Question of Ethics

January 2014

What is the difference between a fixed fee arrangement and agreed fees?

Q. I would like to offer a fixed fee arrangement to my clients so that they can be clear about their costs position. The monies will be paid upfront and they will be billed for the agreed sum at the end of the retainer. I understand this is an agreed fee under Rule 17.5 of the SRA Accounts Rules 2011 and that the monies must go in to the office account. Is this correct?

No. Fixed fees and agreed fees are two distinct types of arrangement and must be treated differently to comply with the accounts rules.

Fixed fees are usually set at the beginning of a retainer and are payable on completion of the work required e.g. Divorce (excluding ancillary relief) £300 plus vat. Where you require costs on account of this fixed fee (as above), the costs must be paid into the client account in the usual manner. These monies have the usual protections for clients as they remain within the client account. At the conclusion of the matter, a final bill is delivered to the client in the usual way and the monies then transferred to the office account in accordance with rules 17.2 and 17.3.

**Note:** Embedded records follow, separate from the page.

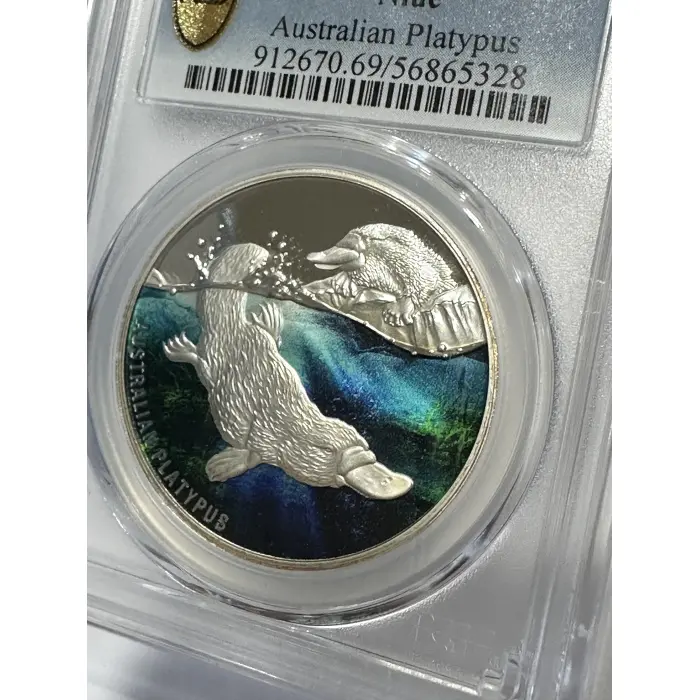 Australian Platypus 1oz coloured graded coin 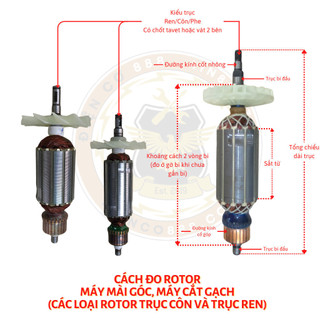 Rotor mài DCA ASM06-100, ASM03-125 220V - Tặng chổi than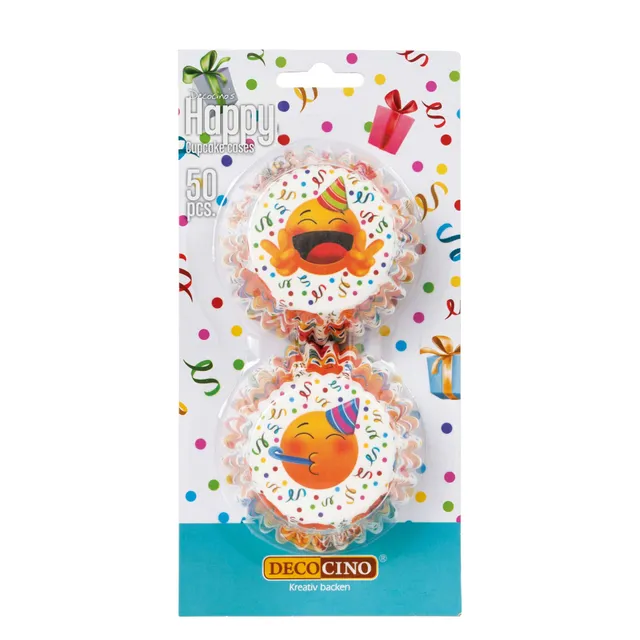 decocino-muffinf-rmchen-happy-50-stck-lachgesicht-cupcakef-rmchen image 1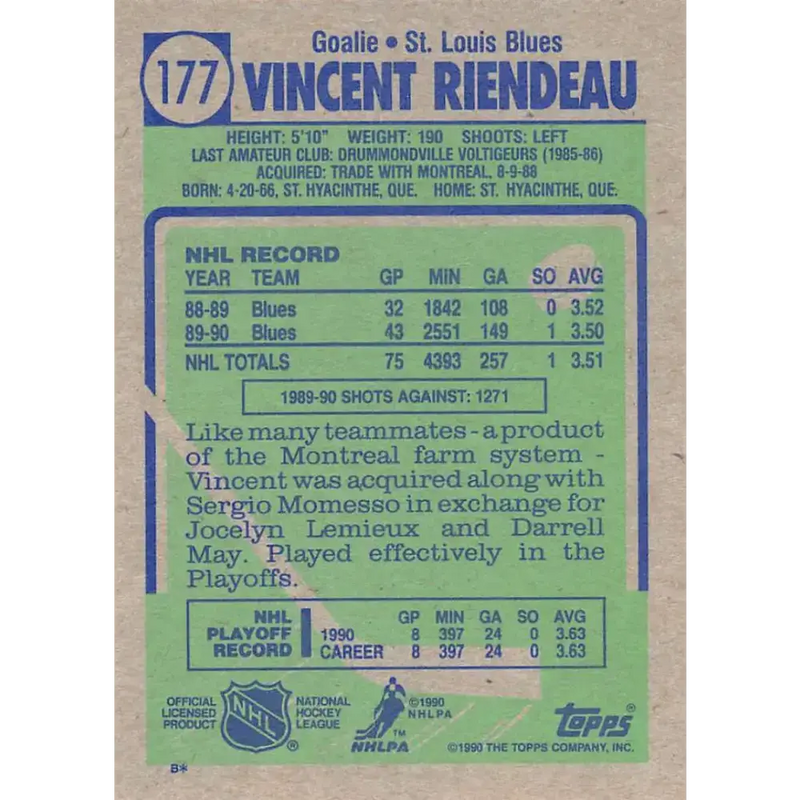 1990-91 Topps #177 Vincent Riendeau NM-MT RC Rookie St. Louis Blues Hockey Card - Hockey Card Single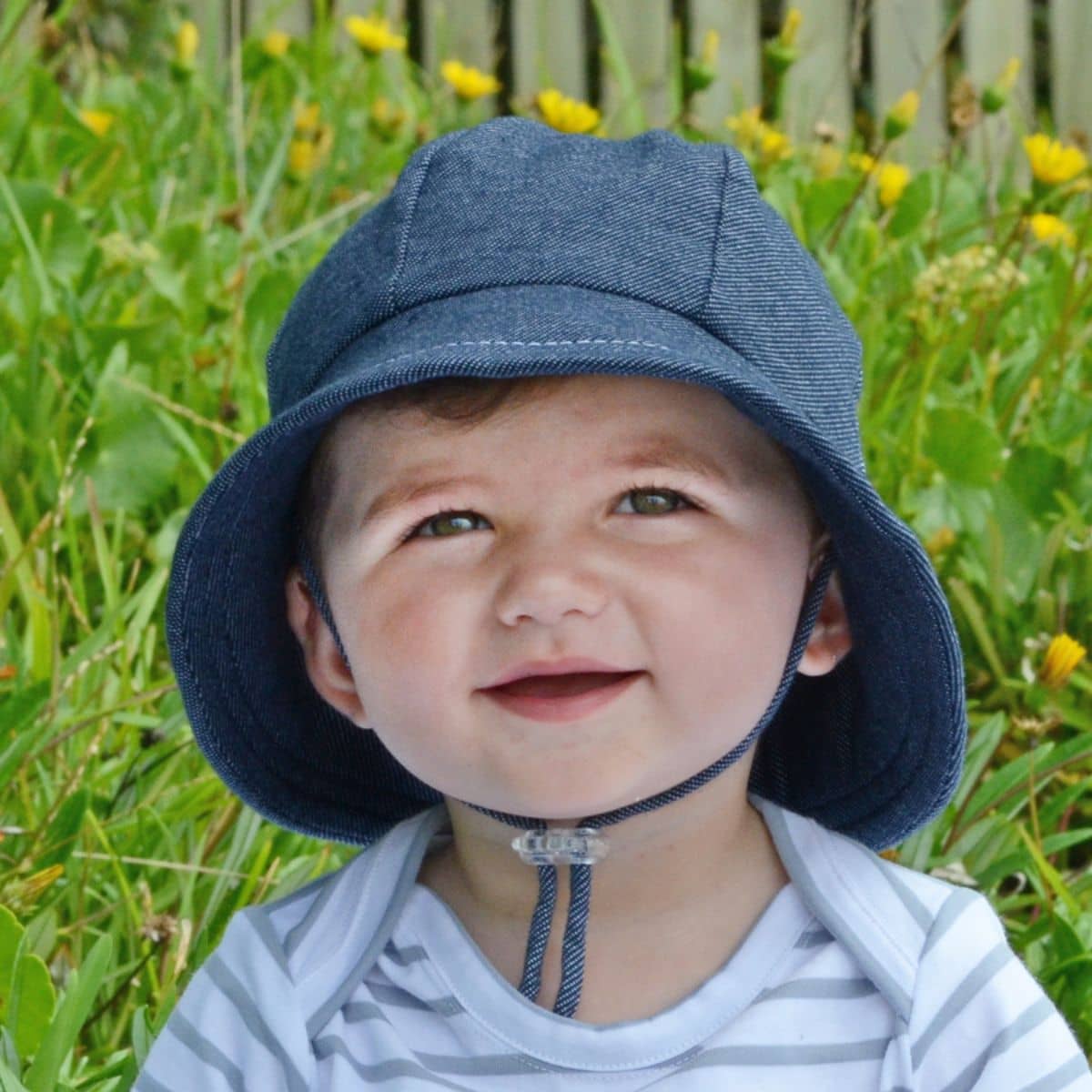 Bedhead Baby Bucket Hat with Strap - Denim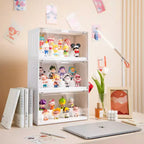 Espositore a Scala in Acrilico Trasparente per Blind Box, Contenitore Magnetico Impilabile per Action Figure e Bambole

An agreed fee is a fee, the terms of which must be evidenced in writing and must be paid into the office account. The fee cannot be varied upwards and is payable, by the client, whether or not the work is completed. The money does not have the usual protections afforded to clients as it is office money, belonging to the firm. You must ensure that you have achieved the relevant outcomes in Chapter 1 of the SRA Code of Conduct 2011 and that clients signing up to an agreed fee are aware of the implications of paying it and consent to this before any payment is made.

Fixed fees have been used for many years by the profession, particularly in conveyancing matters. Agreed fees are commonly used by criminal law practices and other practices where the firms do not maintain a client account.